As far as our brain's relationship to typing versus writing stuff with pen or pencil and paper, there does seem to be some persuasive evidence out there that in the latter case, humans tend to remember better what they've physically written in their own handwriting, as opposed to typing it. What about texting and emojis and social media? I'll tell you one thing (I've likely written it several times before in this blog and then promptly forgotten!!) - the tiny little keys on a cell phone are NOT age-friendly if you have vision problems and/or arthritic fingers.

As far as getting things accomplished, I definitely feel I work better with reasonably-sized blocks or chunks of time. But unfortunately the modern world doesn't tend to work that way! It's almost as if ADHD is the new expected norm of our society and I don't mean just for kids! Certainly I do try to make use of little bits of time here and there (some of which I can anticipate, like if I'm in a doctor's waiting room, and some of which is the gift of "found time" - when I wake up early, or get out of a meeting early, or whatever) and there's also nothing wrong with just zoning out for a bit! But surely there's still a role for the longer attention span, or for the luxury of being able to properly focus on something.

I remember in one of my jobs, a co-worker would regularly lament (probably in reaction to yet another ill-advised bureaucratic decision), "They just don't think it through!" This, by the way, was in the early 1980s, and I think it's probably doubly or triply true now! I'm not saying that the only way to think anything through is to sit by yourself with a pen and pad of paper for hours - clearly that depends on what you're doing, what your preferred learning style is, and so forth.

But anyway, this started out as a kind of welcome to 2017 and ironically, I seem to be losing my train of thought! Later this week, or at least some time during January, I may tackle some version of the Q&As I've been doing over the past few years, and perhaps discuss things like goals and bucket lists and resolutions.

One thing before I go, though. Not to be overly negative or anything, but I really think if you're serious about making plans, goals and resolutions, you (and by "you" I guess I really mean me, or people in general) need to state not just what you WILL do but what you WON'T do, or what you'll stop doing.
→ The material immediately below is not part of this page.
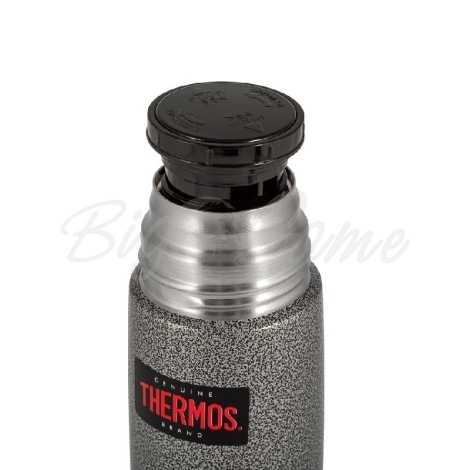 Термос THERMOS FBB-750HM 0,75 л цвет Hammered Gray фото 2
That could of course be taken to ridiculous extremes (as in "I won't go skydiving" or "I won't win millions in the lottery" or whatever); the point I'm trying to make is that there are only so many hours in the day and years in a lifetime, so if I'm going to work towards achieving certain things, I may have to divest myself of other commitments (for example, I plan to scale back a bit on what I'm currently doing for Ex Libris and Friends of Library & Archives Canada).